Fowzan Alkuraya, Alfaisal University
We currently know a small number are benign, and a smaller number are pathogenic. The idea is to drive it towards knowing every possible variant. Even if we could classify every variant, it would be outdated shortly. However, we can use phenotype, which keeps up with the gene pool – that way we can ask how the genotype translates to phenotype. It’s not really that easy…

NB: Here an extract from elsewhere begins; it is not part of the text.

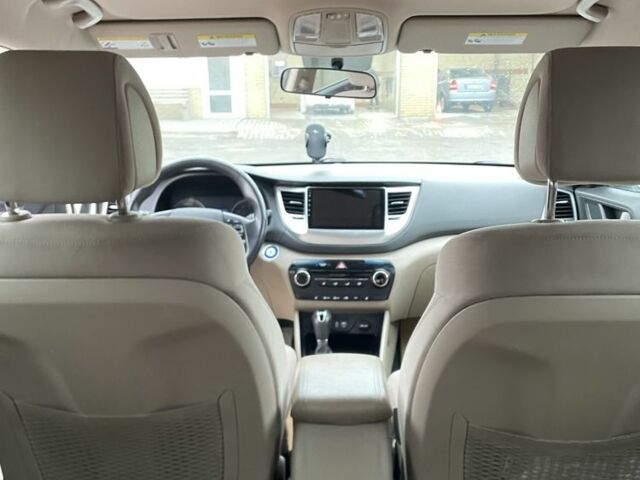 Белый Хендай Туксон, объемом двигателя 1.6 л и пробегом 156 тыс. км за 16000 $, фото 17 на Automoto.ua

The formidable challenge of heterozygosity.
We are robust to heterozygous mutations, obviously.
Gene level challenge. Is it dispensable? is there a non-disease phenotype? Is it a recessive disease phenotype.

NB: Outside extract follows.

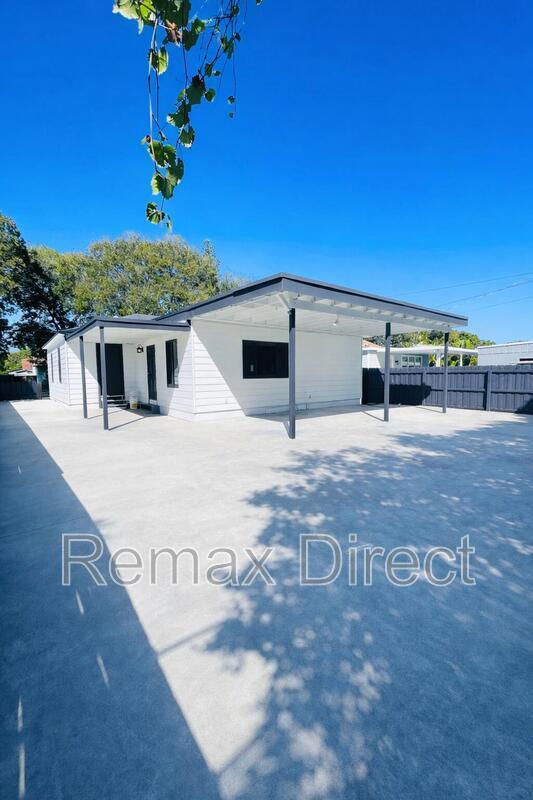 Building Photo - 824 Winters St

Variant level: Some we’ll never see because they’re embryonically lethal. Some may never be clinically consequential. non-coding? truncating genes in dominant genes with no phenotype?
Fortunately, it’s all in the same species! And, if we can show something is pathogenic, we can know that for next time. Exploiting the special structure of the Saudi population to improve our understanding of the human genome.
- High rates of consanguinity – endless source of homozygotes.
- Large family size – great segregation power
Examples for Discovery of novel disease genes.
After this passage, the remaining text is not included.